Palestine, a land twice promised


The scene takes place on a beautiful night in 1916, in the Westminster district of London. Two elegantly dressed gentlemen stroll under the pale glow of the moon. They discuss the future of Palestine, this province of the Ottoman Empire that His Majesty’s army is preparing to conquer, as a continuation of the Arab revolt galvanized by Thomas Edward Lawrence, known as “Lawrence of Arabia”.

The man with the goatee and mustache who leads the conversation is Chaïm Weizmann, 42, a renowned Jewish chemist and professor at the University of Manchester (United Kingdom). Haunted by the pogroms of Tsarist Russia where he was born, the man who would become the first president of the State of Israel then headed the British branch of the World Zionist Organization. This movement, launched at the end of the 19the century by an Austro-Hungarian Jewish journalist, Theodor Herzl, campaigned for the establishment of a Jewish state in Palestine. The ancestral homeland of this ghost nation, scattered to the four winds, was then inhabited by 500,000 Arabs and fewer than 40,000 Jews.

Chaïm Weizmann (1874-1952), first Israeli president, from 1948 to 1952.

The man who listens, lustrous hair and graying bacchantes, is the former Conservative Prime Minister (1902-1905), Lord Arthur James Balfour, then First Lord of the Admiralty.
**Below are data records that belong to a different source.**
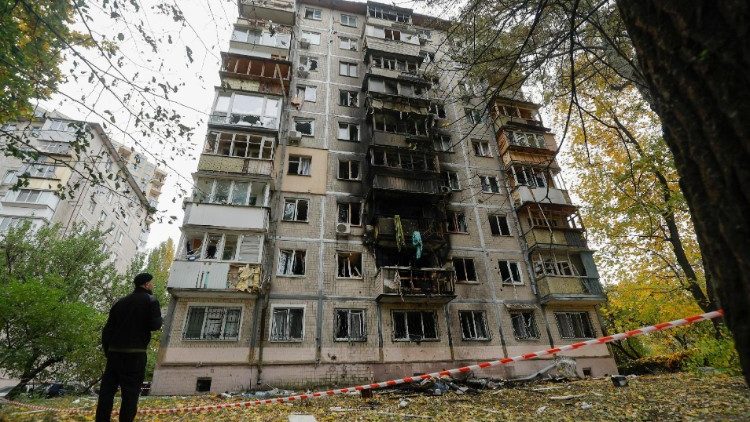 Um homem olha para um prédio danificado no local de um ataque noturno de drones em uma área residencial no distrito de Solomyansk, em Kiev, Ucrânia, 30 de outubro de 2024. Pelo menos nove pessoas ficaram feridas quando destroços de um drone abatido caíram em um prédio residencial após um ataque de drones, informou o Serviço de Emergência Estatal da Ucrânia (SESU). De acordo com as Forças Armadas Ucranianas, as tropas russas lançaram um ataque noturno com 62 veículos aéreos não tripulados (UAVs) 'Shahed' em toda a Ucrânia. EPA/SERGEY DOLZHENKO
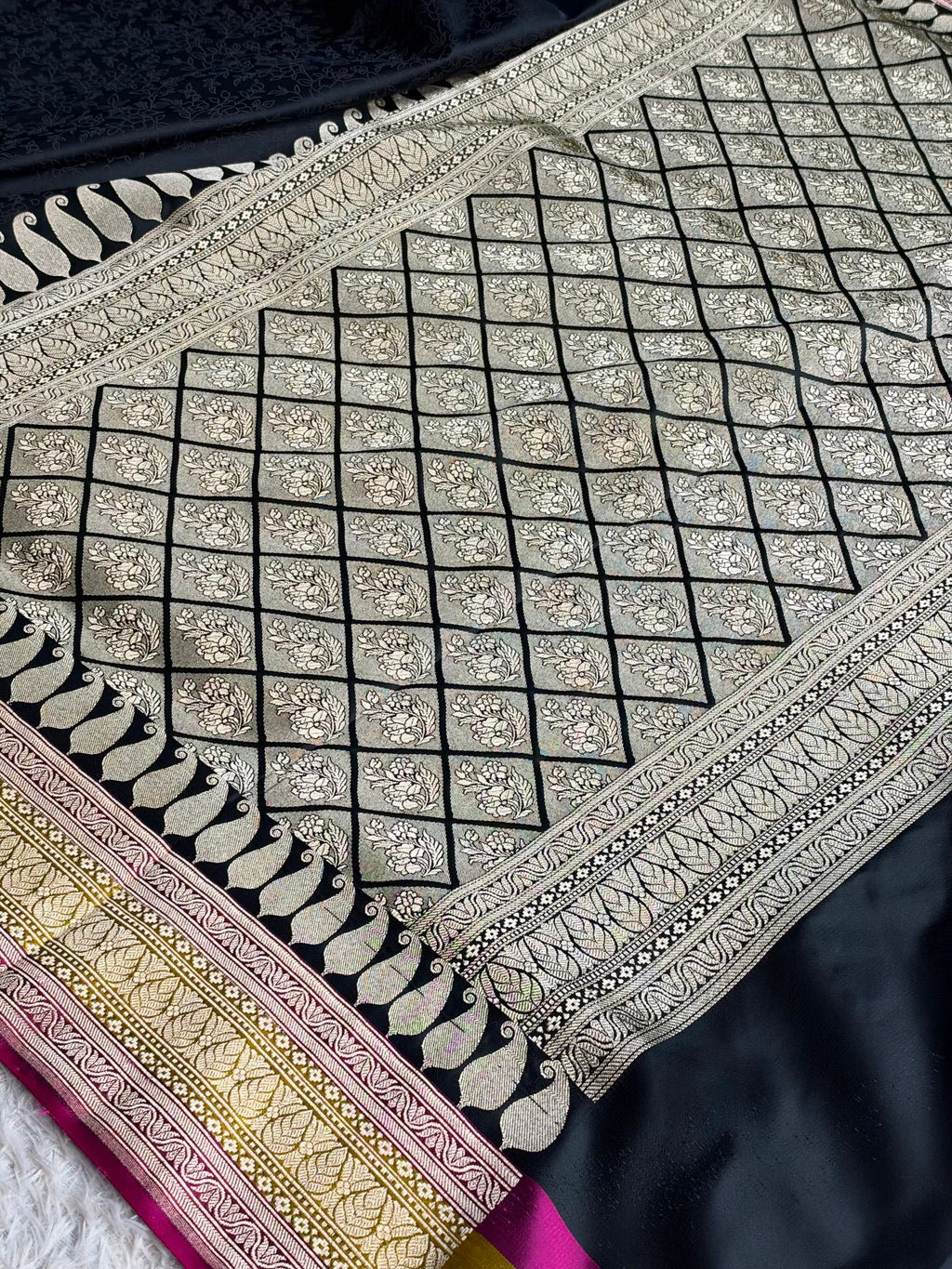 Black Mashru Silk Tanchoi Woven Saree with Multicolour Zari Border & Rich Zari Pallu | MKS851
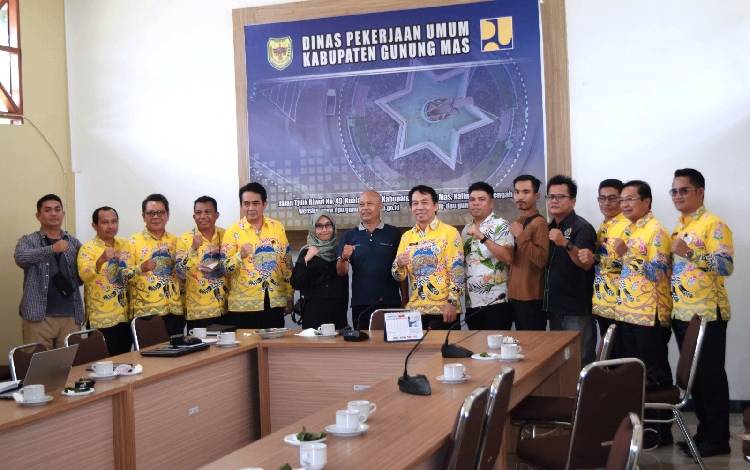 Dinas PU Gunung Mas Media Gathering Sampaikan Capaian Kinerja Bupati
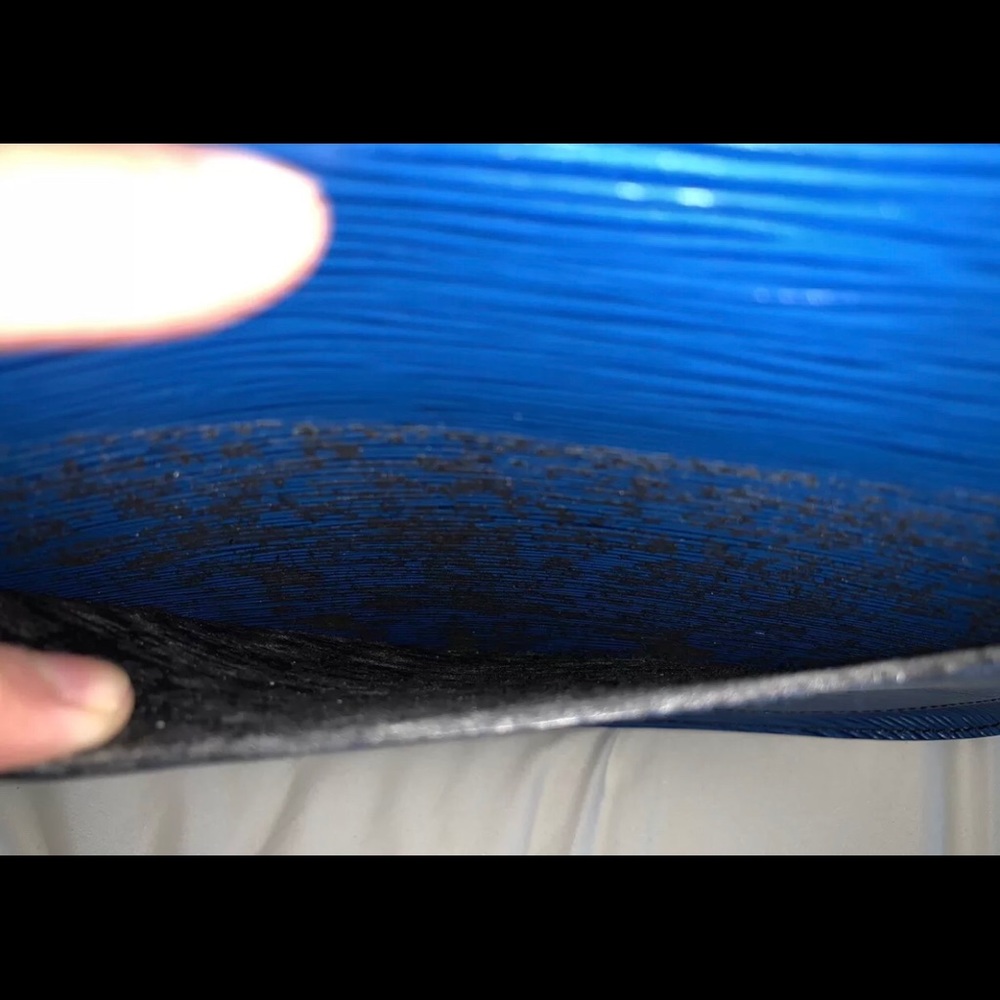 Authentic Louis Vuitton - Picture 5 of 8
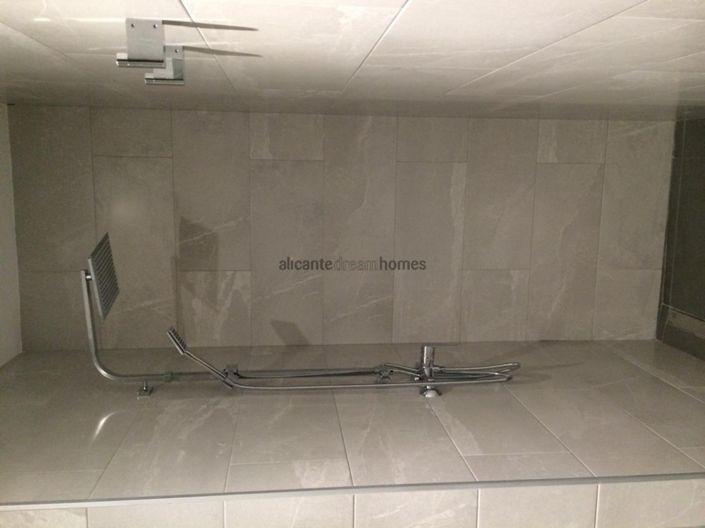 Image No.30-4 Bed Villa for sale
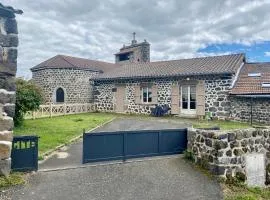 Gîte Charmant à Alleyrac: Randonnées, Nature et Confort Moderne - FR-1-582-66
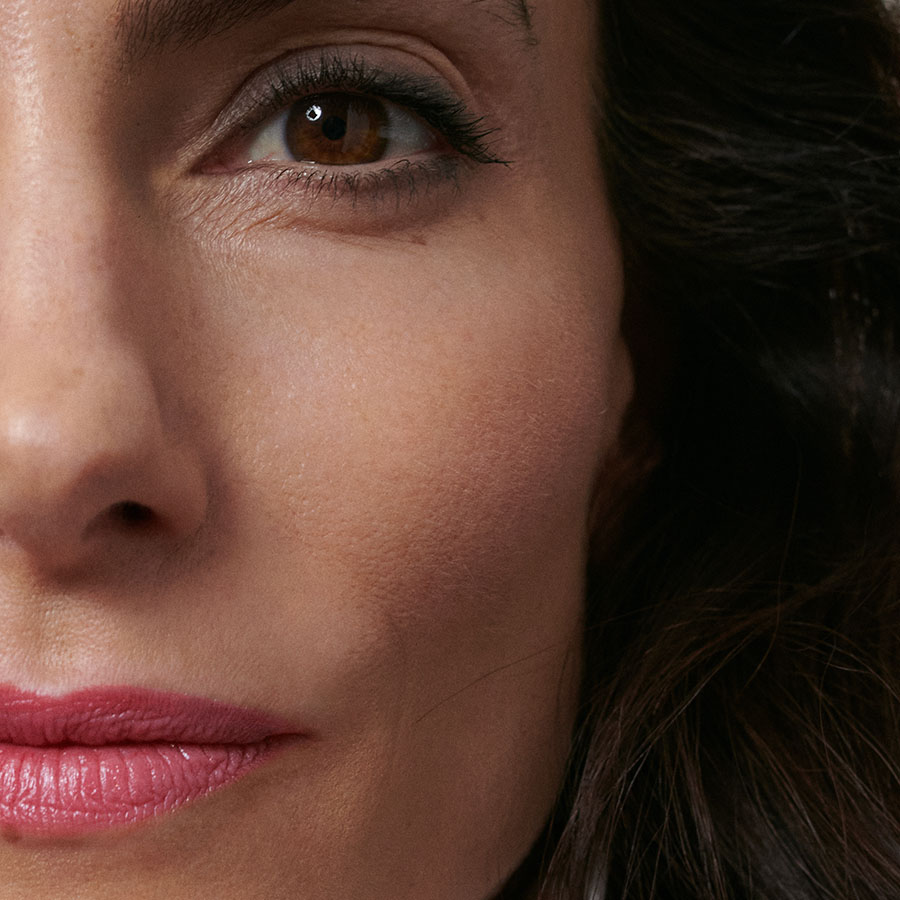 Make-Up-Anwendung-Look-6-Lipstick-03-Camellia-4464-Webshop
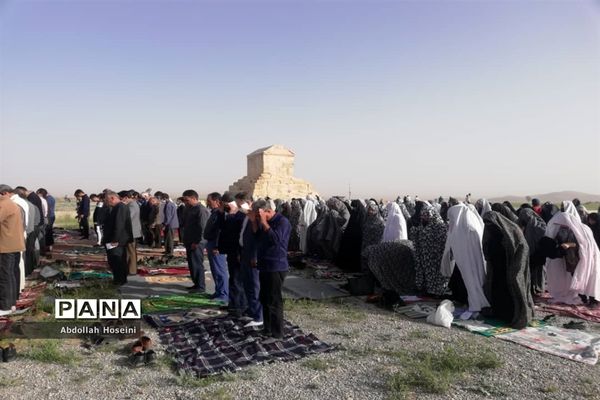برپایی نماز عید فطر در کنار آرامگاه کوروش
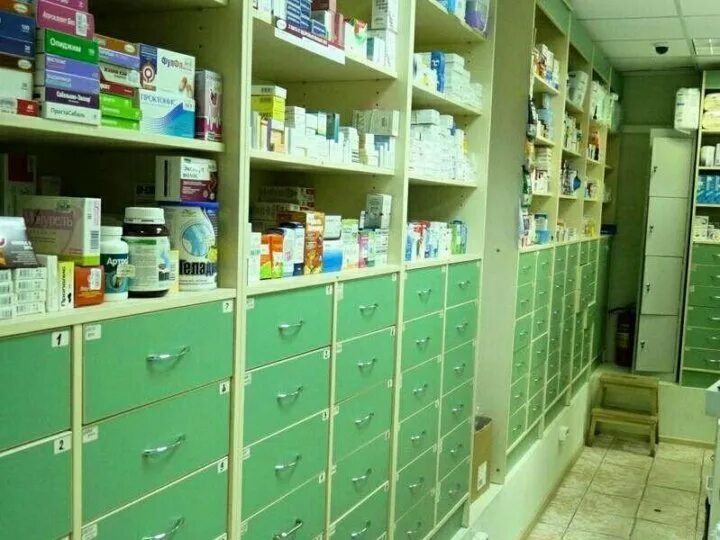 Стеллаж в аптеке. Шкаф для хранения лекарственных средств. Стеллажи для лекарственных препаратов. Помещение для хранения лекарственных средств. Аптечные стеллажи.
Ironically, in 1905, he had passed a very restrictive law, intended to stem the flow of victims of anti-Semitic persecution from Eastern Europe, who were flocking across the Channel at that time. Like many of his peers, Balfour is steeped in prejudices against Jews, of whom he distrusts as much as he idealizes them.

Thanks to a journalist friend, Weizmann penetrated British ruling circles. His sesame? A process for manufacturing synthetic acetone, a compound essential for the production of explosives. In the midst of a conflict with Germany, the main exporter of this solvent in Europe, the discovery comes at the right time. In return for his contribution to the war effort, Professor Weizmann gained the ear of the highest officials of the Crown.

Centuries of persecution

That night in 1916, while walking the streets of London in the company of Lord Balfour, with whom he had dinner, the Zionist leader hammered home his main argument: the interests of his movement and the United Kingdom were aligned. Although the man of science operates from a small, dark apartment in Piccadilly Circus, he has forged, through his charisma and his interpersonal skills, the image of a “king of the Jews”. As good Protestants, Balfour and the Prime Minister, David Lloyd George, were steeped in the romantic mythology of the return to Zion, presented as the prelude to final redemption, the second coming of Christ to earth.